Hawks is trembling, shivering against the cold autumn air, despite the perfectly good coat lying directly behind him. Each individual feather quivers in his wings, but he still makes no move towards the jacket. If Hawks’s question hadn’t been enough to set off alarm bells in his head, this would be raising some red flags. 

He elects not to answer the question for the moment, instead focusing on getting the mother’s contact information and assuring her that her daughter will not be held responsible for misdeeds towards a hero. 

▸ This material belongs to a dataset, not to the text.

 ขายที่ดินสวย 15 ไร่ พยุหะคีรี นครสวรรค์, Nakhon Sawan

“Accidents happen with children,” he says as he uses his quirk to draw the fibers of Hawks’s discarded coat towards him. He settles it on the boy’s shoulders as best he can while only half paying attention to it. “This one is unfortunate, but it’s still not her fault. Just get her home, I will handle this. As long as the quirk actually wears off within the week, everything should be fine. I’ll contact you if I have any questions, or if any complications arise, but I assure you, no one is angry with your daughter.”

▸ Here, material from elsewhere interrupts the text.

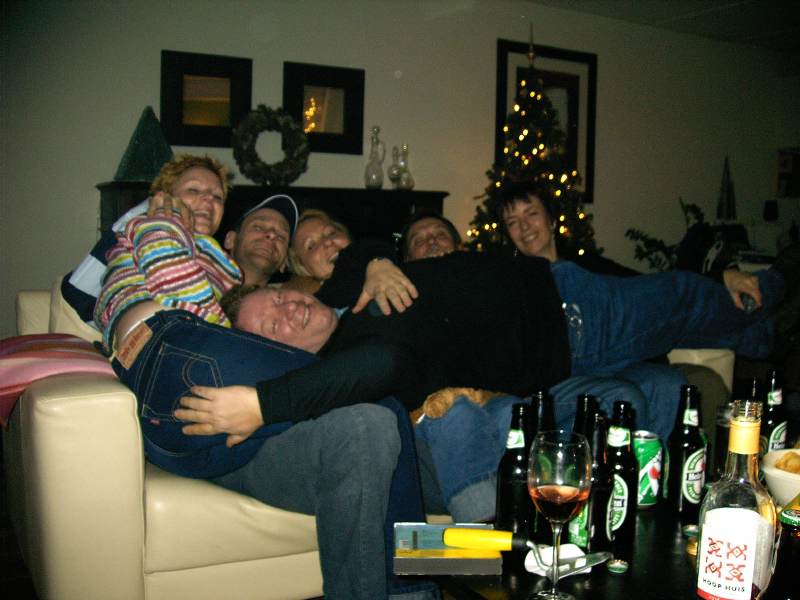 Winterfair 11 December 2005  Vierhouten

He sends them on their way, and turns to Hawks again. 

The jacket is back on the ground. 

Tsunagu squints at it. He could have sworn he’d gotten it onto Hawks’s shoulders. 

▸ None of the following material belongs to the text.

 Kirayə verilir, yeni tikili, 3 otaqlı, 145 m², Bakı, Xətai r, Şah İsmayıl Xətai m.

He must have been more distracted than he thought. With the mother and child gone, Tsunagu kneels to pick up the coat with his hands this time, instead of his quirk. 

He wraps Hawks up in the far too large garment, and scoops him into his arms. 

Hawks is a very small child. Distantly, Tsunagu wonders how old Hawks is, in this… form.

“I’m going to take you back to my agency so we can sort this all out, all right?”

Hawks nods, but he isn’t looking at Tsunagu. 

Tsunagu has not missed the fact that Hawks has gone stiff as a board in his grip. But in the interest of getting him away from prying eyes as quickly as possible, Tsunagu does not set the boy down, as much as he believes he should. 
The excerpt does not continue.